I burnt molasses on my favorite stainless steel dutch oven. I have tried everything i can think of to get it off. It is burnt on hard almost like an enamel finish. Does anyone have any tips for removing this?

Borax, laundry soap, and salt don't work (separately). Neither does reheating it.


----------



## Ninn (Oct 28, 2006)

I've done this on some of my metal baking pans. Spray the pan down with oven cleaner, close it in a black plastic trash bag and leave it to sit over night. Rinse and wash the next day. Repeat until molasses or whatever else you have burned on is gone.
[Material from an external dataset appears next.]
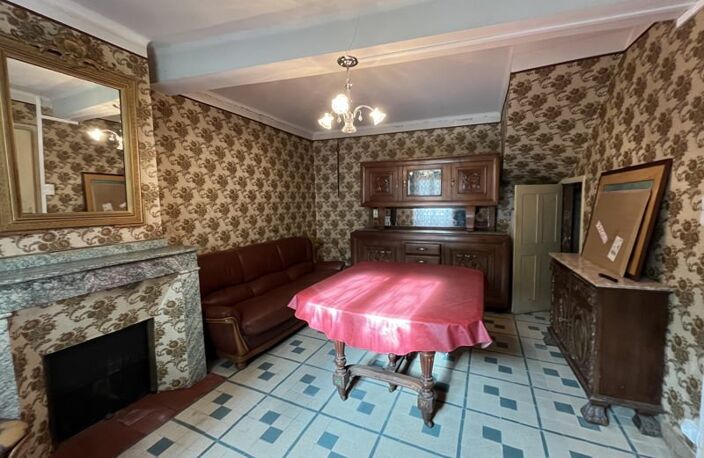 Maison en pierre de 8 pièces principales — photo 4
Works for most stuff.


----------



## NostalgicGranny (Aug 22, 2007)

Thank you - thank you - thank you!
I will try this tonight.


----------



## NostalgicGranny (Aug 22, 2007)

It didn't work. I have tried it three times now. :grump
Would it ruin the pan if i took my hubby's grinder to it? The fine one not the coarse one.


----------



## Ninn (Oct 28, 2006)

no idea. worst that can happen is u try and fail, right?


----------



## NostalgicGranny (Aug 22, 2007)

The way I see it, it is a total loss right now. I have really had to do some creative cooking without it.


----------



## TexasArtist (May 4, 2003)

Have you tried one of those wire wheels that you put on the end of a drill? Wire brush it out maybe?


----------